Workers represented by the ITF-affiliated General Union of Port Workers went on strike last week over contract changes and ACT management’s failure to negotiate a collective bargaining agreement due since July.
Almost as soon as the strike began police raided the site and arrested 150, including the union’s leaders. Despite this and the attempted pre-prepared use of strikebreakers, the union – buoyed by support from the ITF and its affiliated unions in the region and globally – maintained its strike.
It has now won its case, including the company’s waiving all penalties imposed during the strike, in particular rescinding 23 sackings; and a renewed commitment from the Jordanian government to have its grievances addressed by the national labour court.
Paddy Crumlin, ITF president and chair of the ITF dockers’ section, commented: “Everything about this affair smacks of pre-preparedness: sudden provocative contract changes, refusal to negotiate, then as soon as industrial action is taken in response, a sudden police raid and the arrival of strikebreakers.
It looks a lot like an attempt to break the union.
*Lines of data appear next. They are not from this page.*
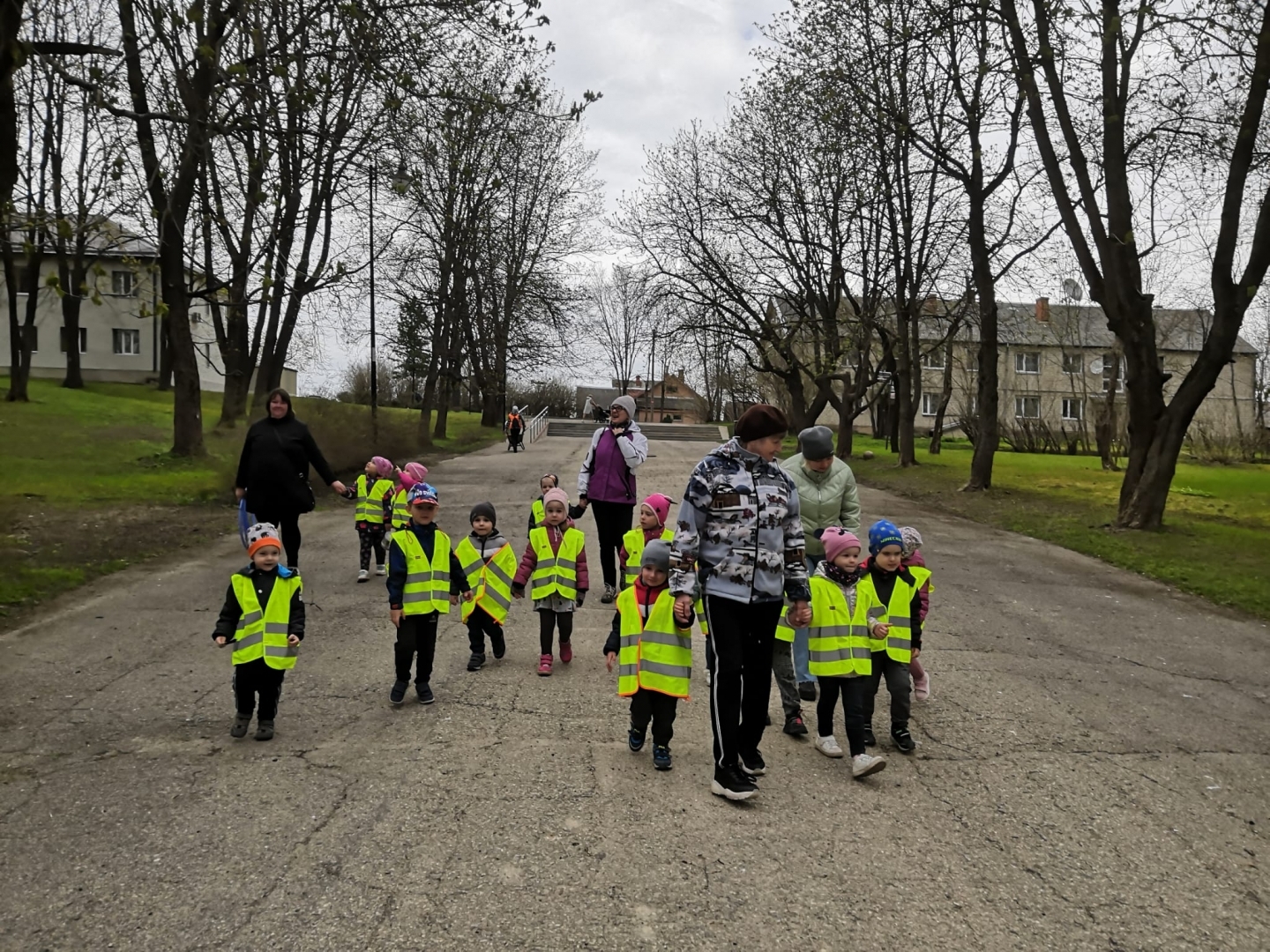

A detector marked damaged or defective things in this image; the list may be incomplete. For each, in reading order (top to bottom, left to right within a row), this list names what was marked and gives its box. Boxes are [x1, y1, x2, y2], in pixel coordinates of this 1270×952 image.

cracked pavement [2, 437, 1270, 945] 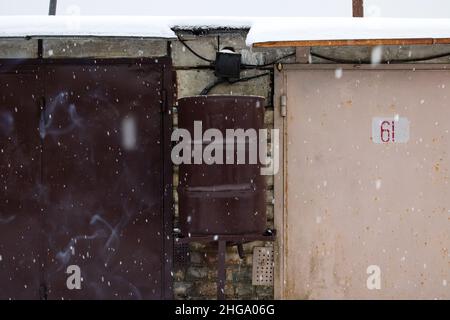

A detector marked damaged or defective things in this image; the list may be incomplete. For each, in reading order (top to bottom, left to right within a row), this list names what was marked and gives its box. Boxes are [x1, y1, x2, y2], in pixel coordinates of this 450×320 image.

rusted metal surface [0, 61, 42, 298]
rusted metal surface [0, 58, 173, 300]
rusty pink metal door [0, 58, 173, 300]
rusted metal surface [177, 94, 268, 235]
rusted metal surface [278, 65, 450, 300]
rusty pink metal door [278, 65, 450, 300] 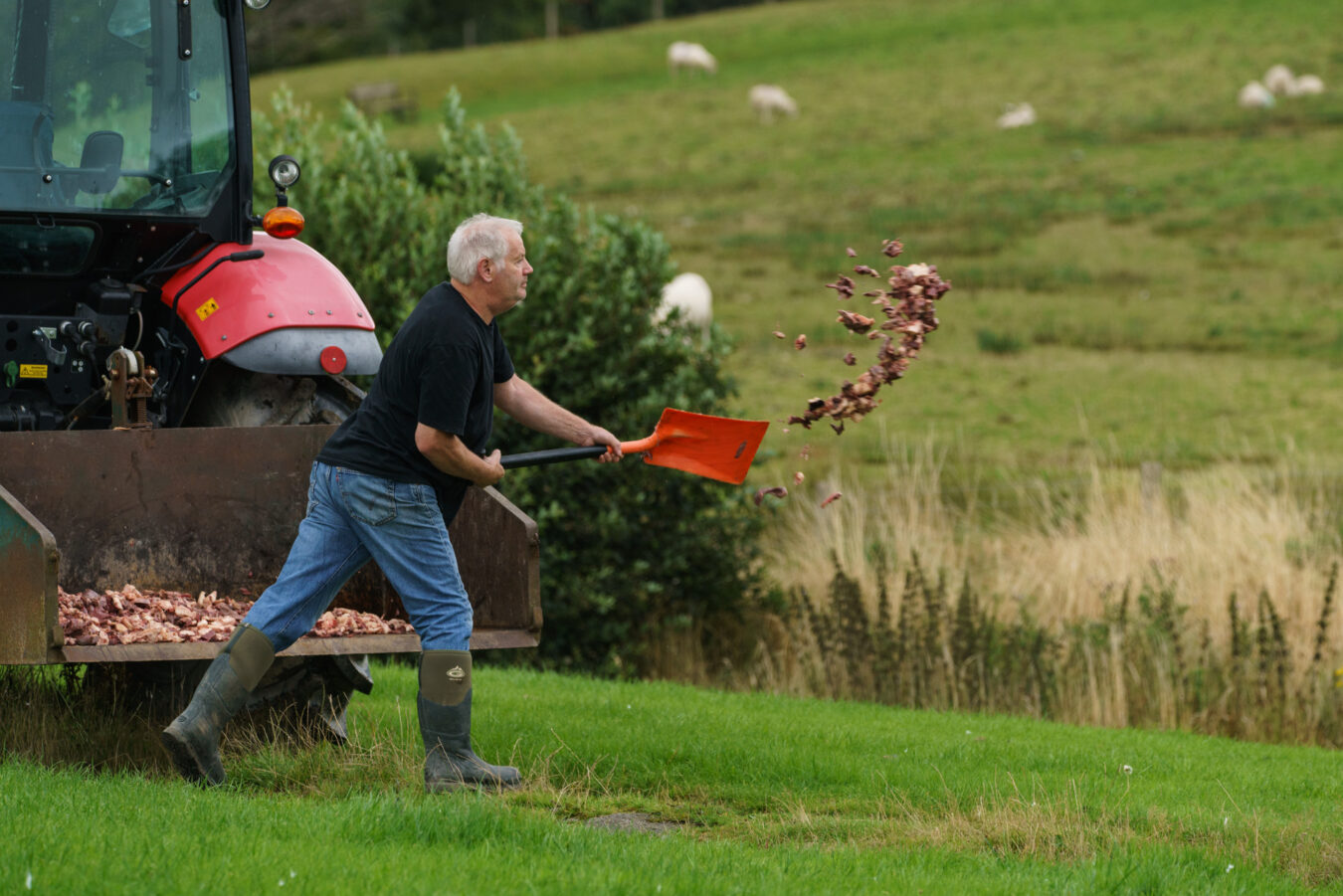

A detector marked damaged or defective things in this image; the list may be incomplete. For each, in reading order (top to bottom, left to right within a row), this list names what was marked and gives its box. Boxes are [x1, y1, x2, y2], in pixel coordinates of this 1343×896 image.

rusty metal panel [0, 483, 62, 666]
rusty metal panel [5, 424, 542, 663] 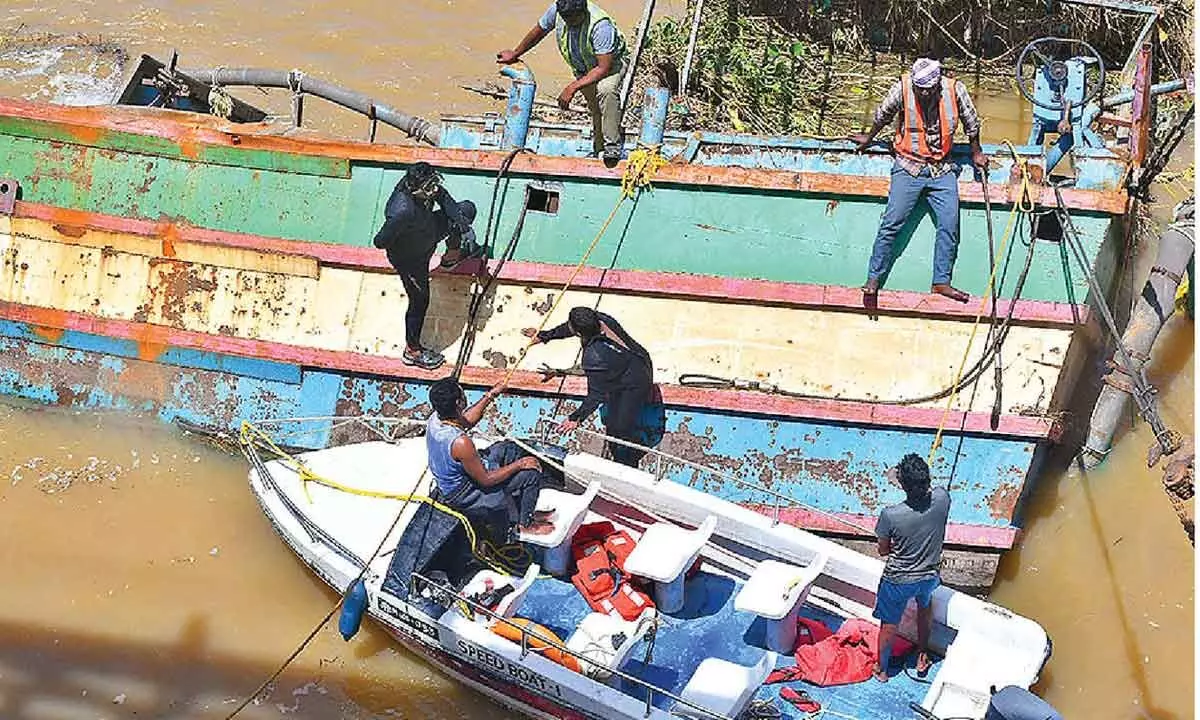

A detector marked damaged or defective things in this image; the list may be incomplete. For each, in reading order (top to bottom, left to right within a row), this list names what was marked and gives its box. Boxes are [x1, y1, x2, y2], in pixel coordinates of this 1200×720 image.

rusted metal bracket [0, 178, 17, 214] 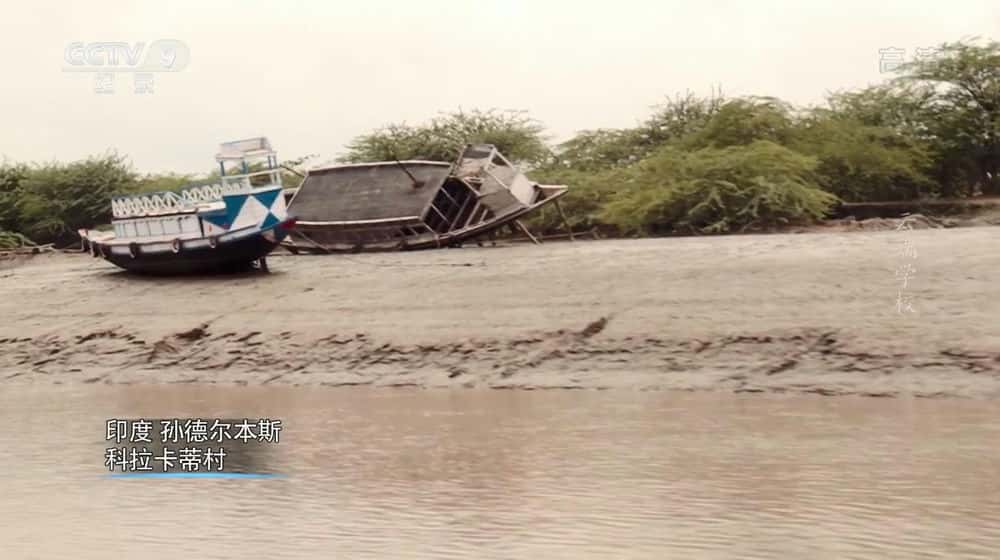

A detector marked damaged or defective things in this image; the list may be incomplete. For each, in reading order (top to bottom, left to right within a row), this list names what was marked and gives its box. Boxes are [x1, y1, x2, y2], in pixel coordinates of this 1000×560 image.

damaged boat [80, 138, 294, 274]
damaged boat [286, 144, 568, 252] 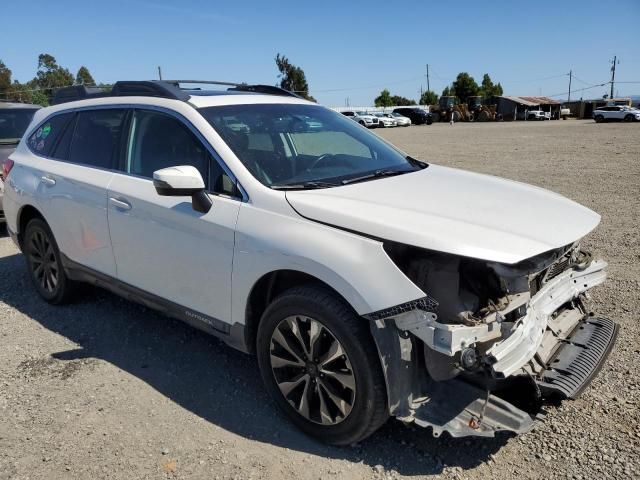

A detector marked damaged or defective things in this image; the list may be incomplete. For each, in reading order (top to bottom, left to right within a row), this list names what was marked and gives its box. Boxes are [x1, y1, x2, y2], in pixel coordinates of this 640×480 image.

front-end collision damage [368, 242, 616, 436] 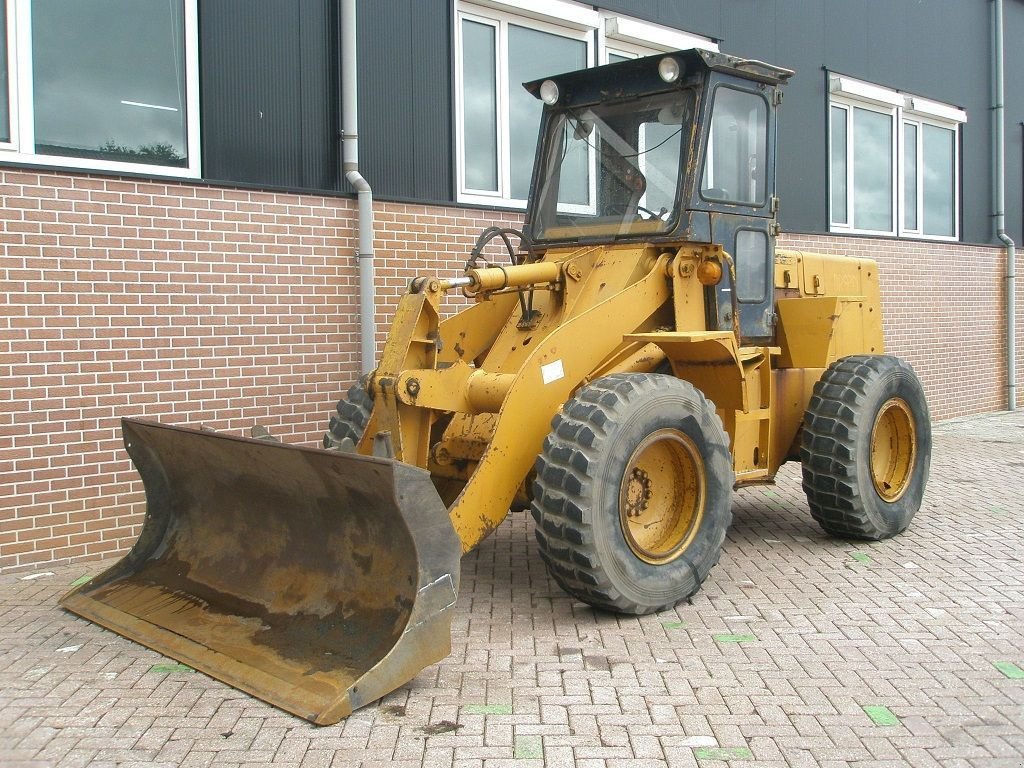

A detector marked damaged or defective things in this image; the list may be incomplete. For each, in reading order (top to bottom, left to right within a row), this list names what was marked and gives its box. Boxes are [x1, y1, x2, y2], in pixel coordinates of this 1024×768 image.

rusty bucket surface [61, 421, 462, 729] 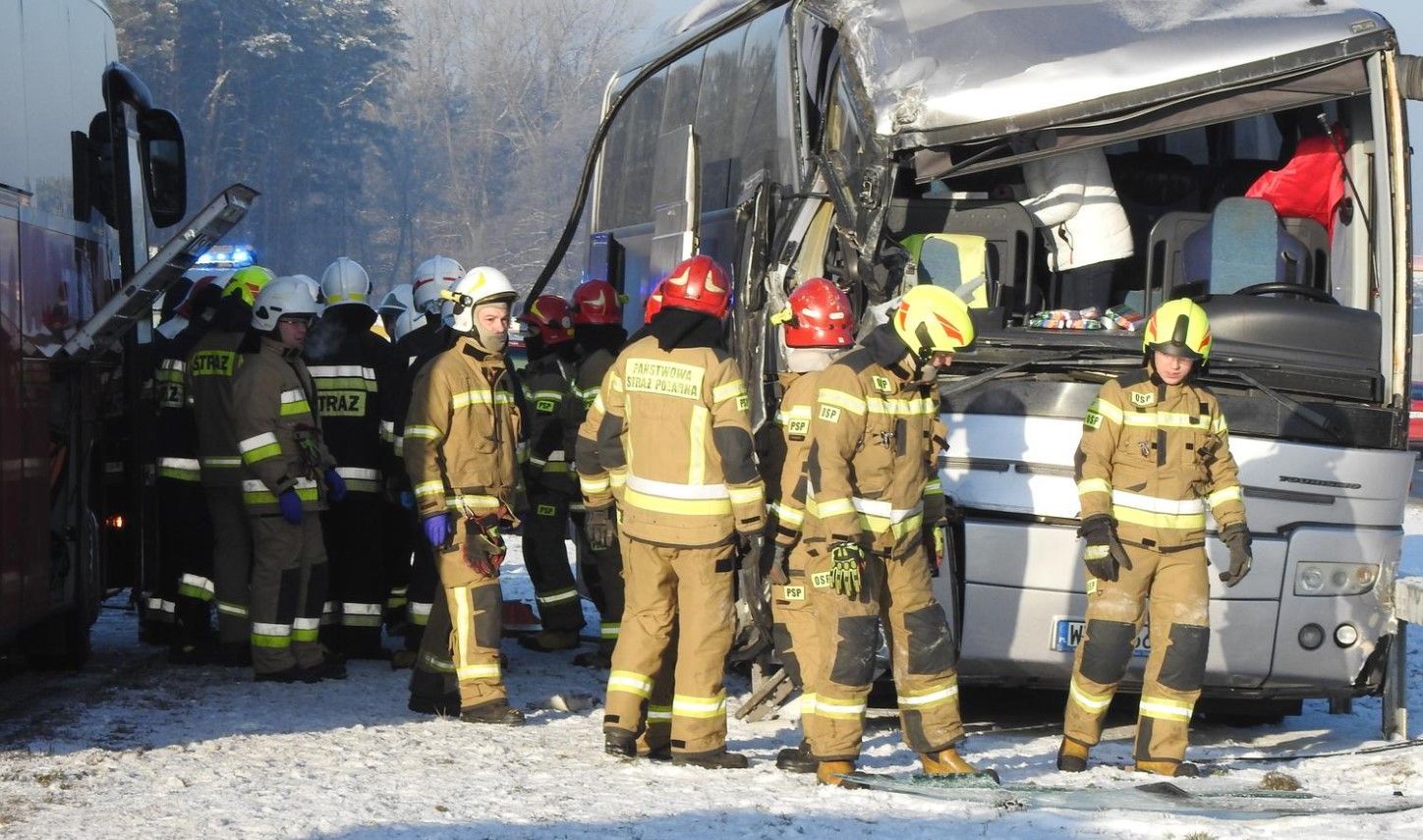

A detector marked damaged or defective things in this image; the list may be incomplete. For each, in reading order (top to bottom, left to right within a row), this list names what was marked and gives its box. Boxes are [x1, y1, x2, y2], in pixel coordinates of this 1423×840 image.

damaged bus [535, 0, 1423, 734]
crumpled bus roof [808, 0, 1395, 147] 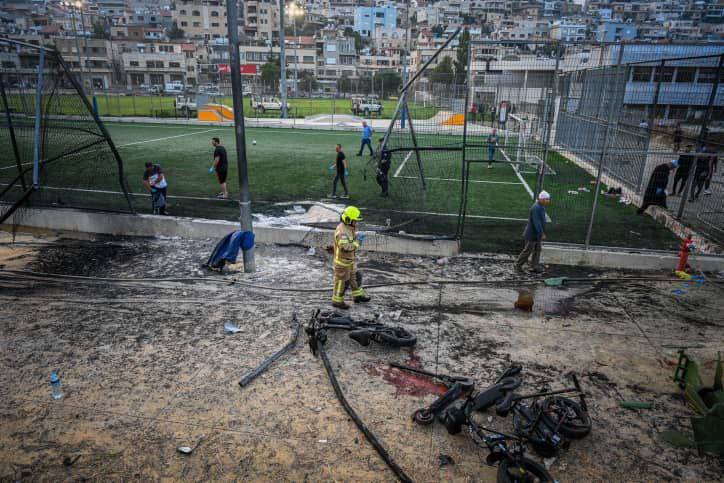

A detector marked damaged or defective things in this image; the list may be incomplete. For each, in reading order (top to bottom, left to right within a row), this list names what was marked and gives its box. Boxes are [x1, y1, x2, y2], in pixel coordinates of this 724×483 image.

burnt dirt ground [1, 229, 724, 482] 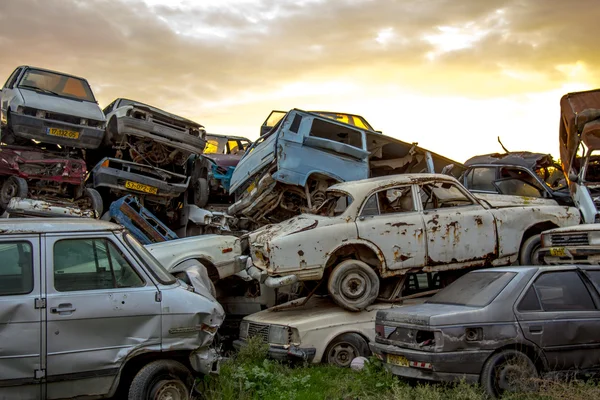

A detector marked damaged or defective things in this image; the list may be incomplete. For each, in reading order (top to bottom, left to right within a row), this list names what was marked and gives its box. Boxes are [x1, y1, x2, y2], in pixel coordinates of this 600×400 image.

broken windshield [17, 68, 95, 101]
shattered window [17, 68, 95, 101]
shattered window [310, 119, 360, 151]
broken windshield [310, 190, 352, 217]
shattered window [378, 186, 414, 214]
shattered window [418, 181, 474, 209]
shattered window [464, 166, 496, 191]
rusty white sedan [244, 173, 580, 310]
shattered window [0, 241, 32, 296]
shattered window [52, 238, 144, 290]
shattered window [536, 270, 596, 310]
crushed silver van [0, 219, 224, 400]
broken headlight [270, 324, 290, 346] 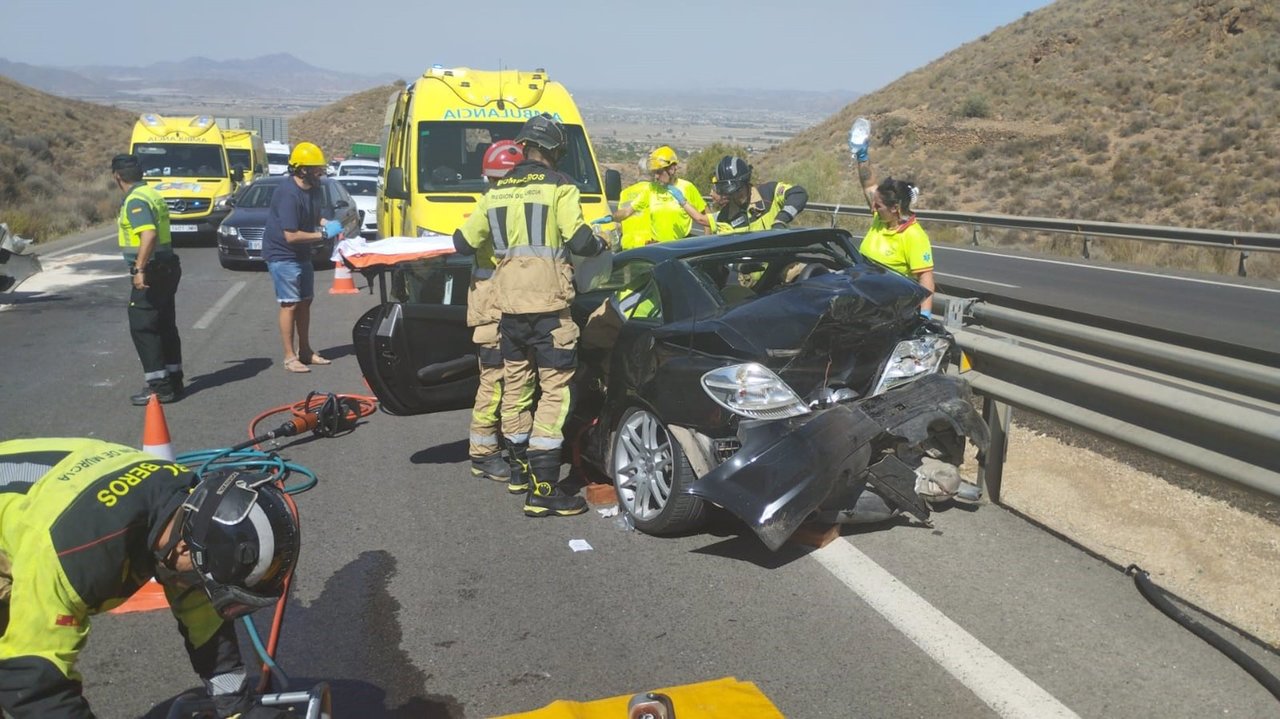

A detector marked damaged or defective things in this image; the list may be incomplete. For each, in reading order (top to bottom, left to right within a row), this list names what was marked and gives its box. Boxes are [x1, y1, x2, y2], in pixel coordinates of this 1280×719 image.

wrecked black car [353, 227, 988, 547]
broken headlight [701, 360, 808, 417]
crushed car hood [665, 266, 926, 394]
broken headlight [870, 332, 952, 394]
detached front bumper [686, 368, 983, 547] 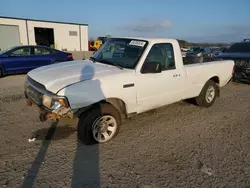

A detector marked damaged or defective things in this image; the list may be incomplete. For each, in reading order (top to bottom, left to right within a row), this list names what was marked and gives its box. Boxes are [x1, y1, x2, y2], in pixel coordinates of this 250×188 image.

damaged front end [24, 76, 74, 122]
crumpled hood [27, 59, 124, 93] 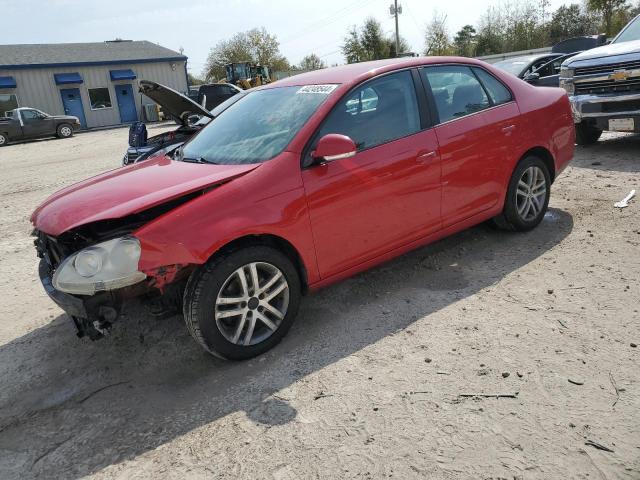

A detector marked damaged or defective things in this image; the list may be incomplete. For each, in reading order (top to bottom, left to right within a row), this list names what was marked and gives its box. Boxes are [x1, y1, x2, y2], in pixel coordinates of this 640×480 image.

damaged red car [31, 58, 576, 358]
crumpled front bumper [568, 92, 640, 127]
Well, the result has been the opposite – the union has won and has been made stronger.
It’s being applauded by workforces outside the terminal for its stand and for its strong friendships.” Mahmoud Mansour, vice president of the General Union of Port Workers, commented: “This victory came not just from our members’ determination, but from the support of the ITF and its affiliates.
Our workers never lost sight for a minute of how many colleagues were supporting us across this region and worldwide.” Paddy Crumlin concluded: “This victory comes at the same time as another one in Bahrain, where Svitzer, which provides services to the terminal run by APMT, had planned to make 11 tugboat crew redundant.
There union action and solidarity, especially from trade unions in the Arab World, has again triumphed, with all 11 either getting their jobs back or choosing to take compensation and voluntary redundancy.”